CFAA does not contain full legislative flaws, but Congress falsely believes that computers are fundamentally different from other things, and thus, criminal statutes must be separated from other statutes. Legislation is moving at a slower pace than the crimes, thus, creating loopholes due to the laws not being directly applied to many of the cyber crimes (Speer, 2000). The United States Sentencing Commission conducted a study in June of 1996, which reports that the CFAA resulted in only 174 convictions, thus, assessing the statute as ineffective due to unreliable statistics (Wolf, 2000).

A national survey of prosecutors conducted in 2001 concludes that only 42% of the prosecutors’ offices reported prosecuting computer related crimes under their state’s computer statutes (Bureau of Justice Statistics [BJS], 2002). Thus, cyber criminal acts are being prosecuted under other fraud statutes, thereby, rendering cyber crime statistics ineffective. Virtually every state has enacted legislation, rendering various computer and cyber activities illegal (Skinner & Fream, 1997). Furthermore, despite the enactment of such legislation, the war on cyber crime has experienced a problem of judicial leniency.

The legislation is slow, and the threat is outrageous. Some of the biggest cyber crime cases in history have resulted in dismissals or relatively light punishments. The few cyber crime cases that have passed through the legal system have not led to severe punishments (Sherizen, 1995).

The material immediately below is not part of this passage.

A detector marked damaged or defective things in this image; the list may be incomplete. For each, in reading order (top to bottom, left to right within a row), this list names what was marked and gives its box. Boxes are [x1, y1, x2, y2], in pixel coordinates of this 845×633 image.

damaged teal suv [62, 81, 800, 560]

According to the Science Application International Corporation, the average bank robbery in the United States costs $1,900 and is prosecuted 82% of the time, whereas the average cyber crime costs $250,000 and is prosecuted less than 2% of the time (as cited in Overill, 1998).

Consequently, criminals learn the comfortable circumstances of the legal system and realize that it is non-probable for them to get caught, and if they do, very minimal will be done to penalize or punish them. Research has found that “controls over certain illegal behaviors were associated with moral commitment, fear or social disapproval, and fear of legal punishment” (Sherizen, 1995, p. 180). Thus, the literature suggests that greater enforcement of cyber crime laws and stiffer penalties would reduce the engagement of cyber criminals’ acts in illegal and deviant behavior.

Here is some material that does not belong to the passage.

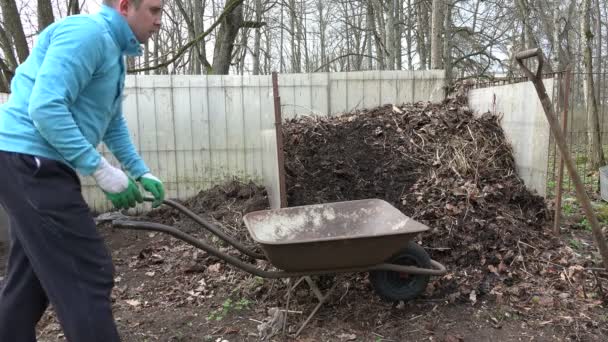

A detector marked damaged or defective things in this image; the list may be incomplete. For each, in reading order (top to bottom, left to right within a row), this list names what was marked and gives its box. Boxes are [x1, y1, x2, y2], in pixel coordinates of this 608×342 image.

rusty wheelbarrow wheel [370, 240, 432, 302]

Enacting legislation for private businesses to mandatorily report intrusions would maximize legal attention (Sherizen, 1995). Unless the private sector is required by law to report intrusions, computer crime would not be controlled. The National Law Enforcement and Corrections Technology Center ([NLECTC], 2003, June) reports that on July 1, 2003, a California law became effective, which requires organizations to notify state customers of any intrusions that may compromise the security of customers’ personal information.

Cyber crime has grown at such a radical pace that laws have been unable to keep up with technology. The limits of the state have become increasingly apparent. Lessig (1999) argues that cyberspace behavior is controlled through programming and architecture of information systems, and not through legislation. Technology is what regulates the cyber space, not law. There is a gap between old traditional laws that address tangible assets and new legal aspects that revolve around intangible assets.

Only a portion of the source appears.